“[On Badlands (1973)] I tried to keep the 1950s to a bare minimum. Nostalgia is a powerful feeling; it can drown out anything. I wanted the picture to set up like a fairy tale, outside time, like Treasure Island. I hoped this would, among other things, take a little of the sharpness out of the violence, but still keep its dreamy quality.”
“As an art-house director I am supposed to hate mainstream films but I saw Peter Jackson's King Kong and liked it. I even cried when I was watching it although in my opinion this film has no artistic value at all.”
“To please the majority is the requirement of the Planet Cinema. As far as I’m concerned, I don’t make a concession to viewers, these victims of life, who think that a film is made only for their enjoyment, and who know nothing about their own existence.”

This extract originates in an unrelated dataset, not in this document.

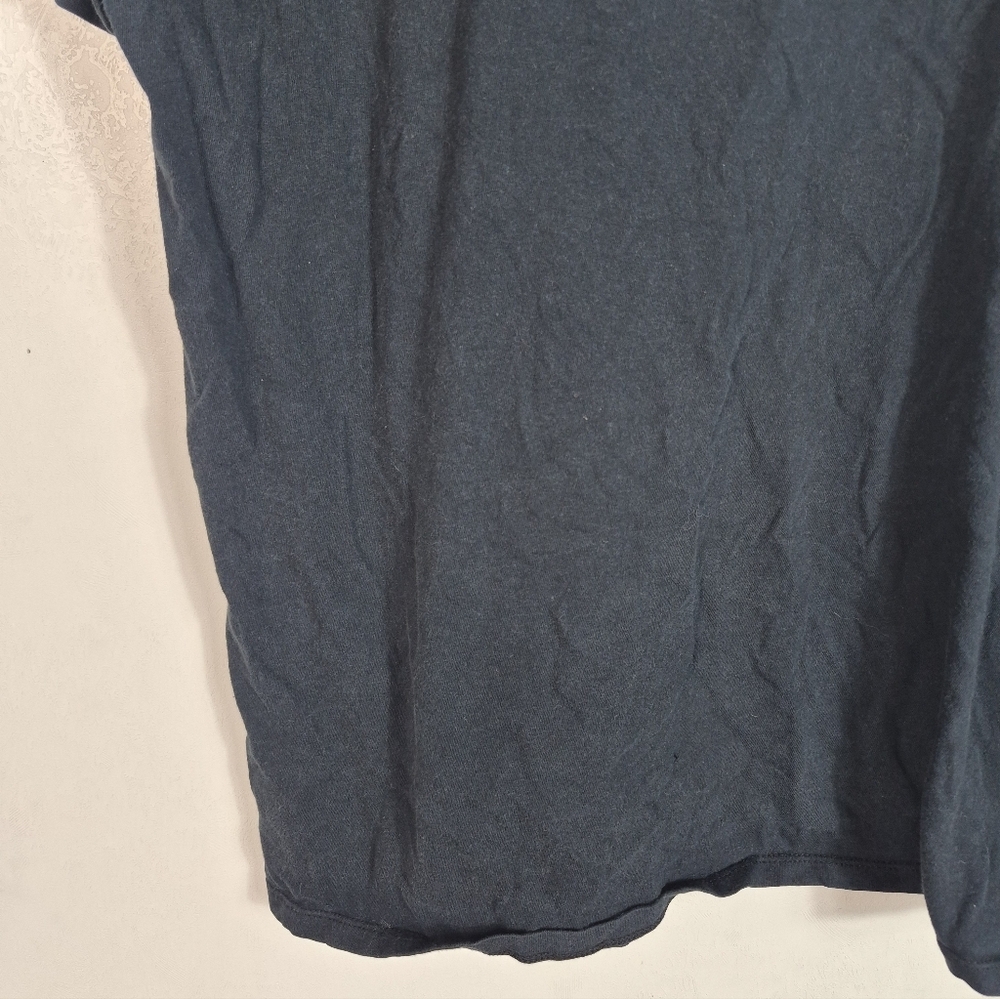 Nike The Nike Tee Men's Black T-Shirt Athletic Cut - Picture 4 of 10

“I don't know how much movies should entertain. To me I'm always interested in movies that scar. The thing I love about JAWS is that I've never gone swimming in the ocean again.”

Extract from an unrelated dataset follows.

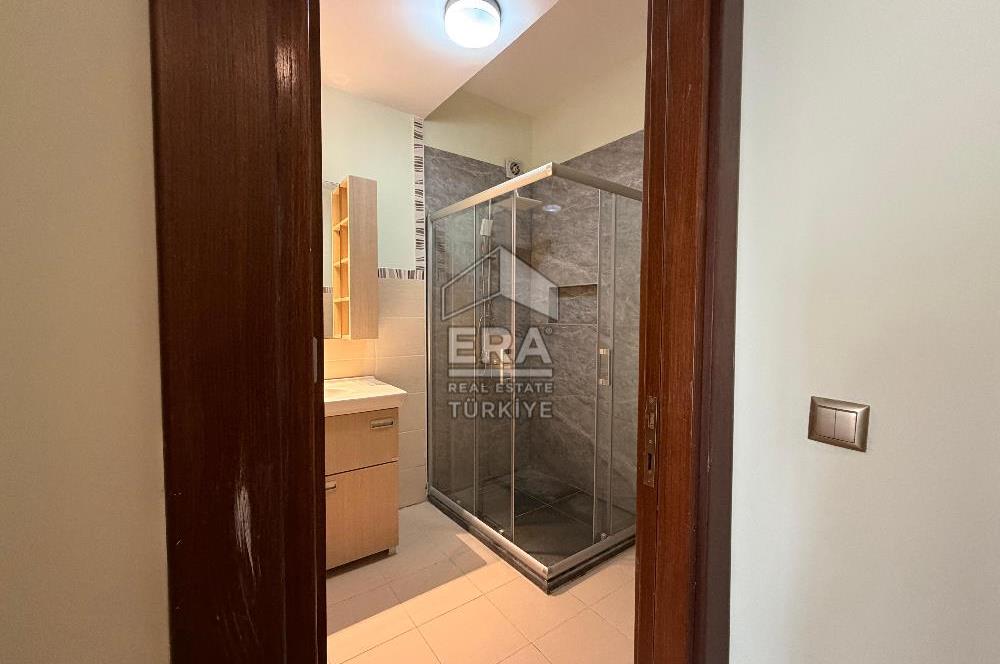 Uskumruköy'de Site İçinde | 7+1 Tam Müstakil Villa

“Juxtaposing a person with an environment that is boundless, collating him with a countless number of people passing by close to him and far away, relating a person to the whole world, that is the meaning of cinema.”

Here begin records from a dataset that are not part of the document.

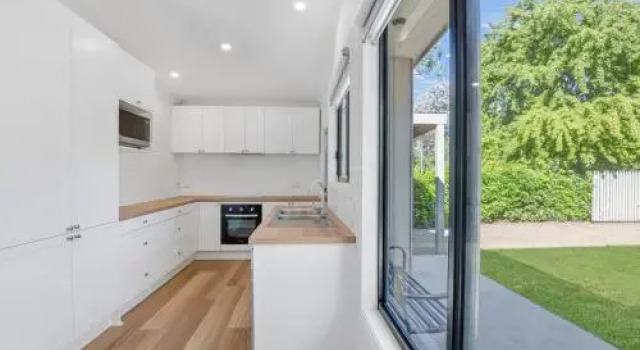 20 Toorak Road, Book Hotel Bright 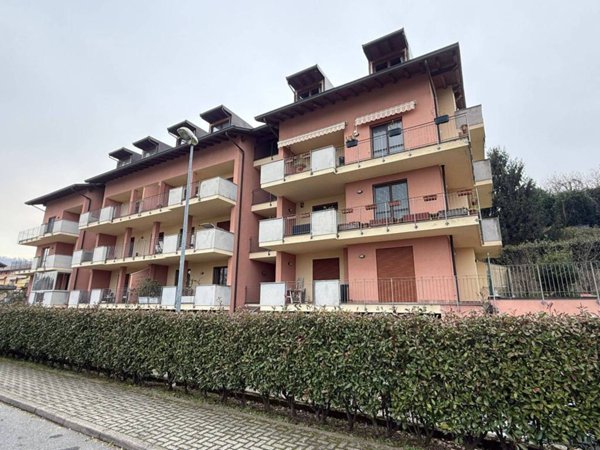 appartamento in vendita ad Arona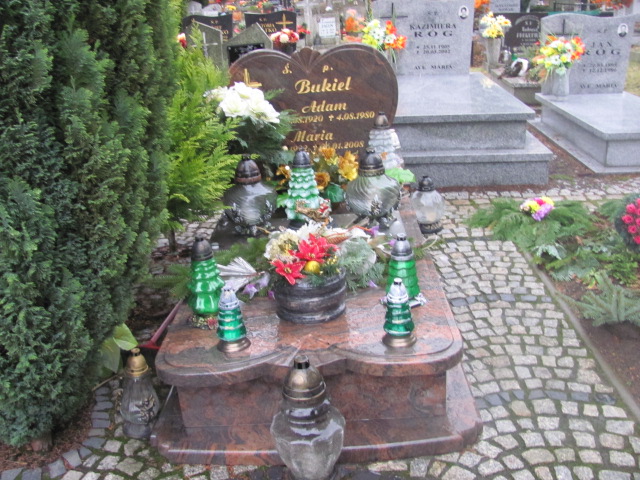 Grób Maria Bukiel
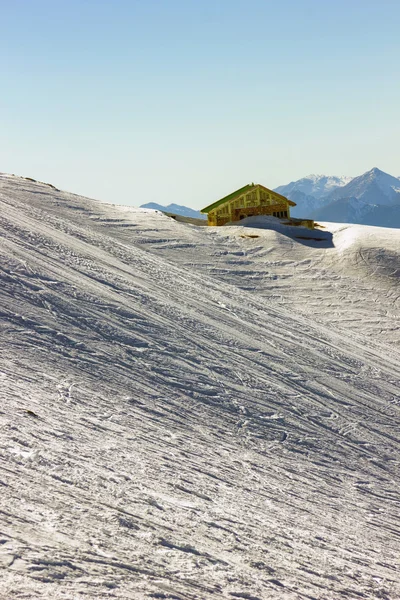 Zonnige dag op de top van een berg — Stockfoto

“When the wind blows straight to my chest, against me, I have plenty of energy. When the wind blows from my back, that energy disappears. During the period of tight censorship, we struggled with all our might to get our voice heard. But now that everything’s allowed, the strive has vanished. It’s like one French writer once said: an artist must always be a little hungry. Right?”
“What's important for me in a film is that it be alive, that it be imbued with presence, which is basically the same thing. And that this presence, inscribed within the film, possesses a form of magic. There's something profoundly mysterious in this.”
“But in all, I don't like to engage in telling stories. I don't like to arouse the viewer emotionally or give him advice. I don't like to belittle him or burden him with a sense of guilt. These are the things I don't like in the movies.”
“I always start with characters rather than with a plot, which many critics would say is very obvious from the lack of plot in my films - although I think they do have plots - but the plot is not of primary importance to me, the characters are. ”
“I think it's important that we all try to give something to this medium, instead of just thinking about what is the most efficient way of telling a story or making an audience stay in a cinema.”